Есть в истории Максима одна деталь, которую не заметили летописцы. Оттесненная множеством фактов, накопившихся за минувшие века, она могла привлечь внимание лишь романиста.
Итак, мы возвращаемся в Симонов монастырь, в ту темную ночь, когда за монахом приехали ратники великого князя. Начальник стражи приказал связать старца по рукам и ногам веревкой, которую предусмотрительно захватил с собой, а потом принялся тщательно обыскивать келью. Он перевернул постель, перетряхнул одежду, пошарил в сундуке, прощупал рясу монаха. Затем принялся за книги — открыл, перетряс все до единой. Увы! Он хотел найти сатану, с которым беседовал монах, однако обнаружить его никак не удавалось. Верный ратник, один из самых преданных в охране Василия, не падал духом. «Окно закрыто, — сказал он про себя, — в дверь он бежать не мог, потому что в дверь вошли мы. И если мы не можем его найти, то, значит, сатана сидит в самом монахе!» И он приказал своим людям:
— А ну, бейте его, секите, сколько вам будет угодно!

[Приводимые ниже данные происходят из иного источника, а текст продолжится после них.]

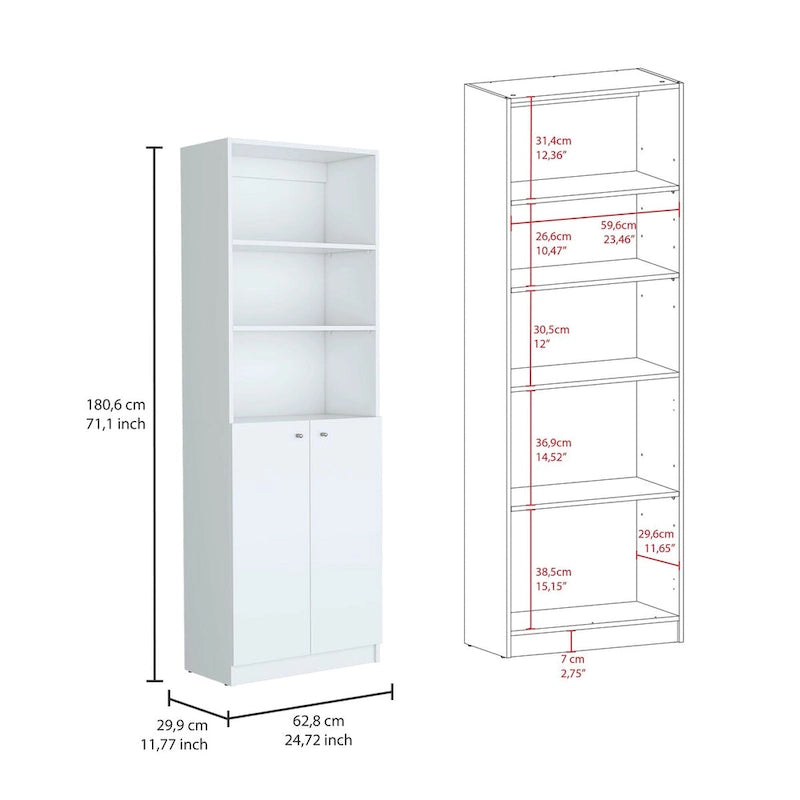 Bibliothèque à double armoire à 5 étagères de 188 cm de large, beige/multicolore/noir/blanc, lot de 3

А сам, словно архангел Михаил, встал рядом и обнажил свой меч. Взгляд его был прикован к губам монаха — оттуда должен был выскочить сатана, и начальник стражи готов был в тот же момент молниеносным ударом разрубить его надвое.
Так начались великие муки Максима Грека. В ту ночь сатана из него не вышел. На рассвете, едва пропел первый петух, начальник стражи со вздохом вложил меч в ножны.
— Монах, — сказал он Максиму, — крепко засел в тебе сатана, намучаешься ты, пока не выйдет он из тебя — и не сразу, а постепенно, вместе с твоей душой.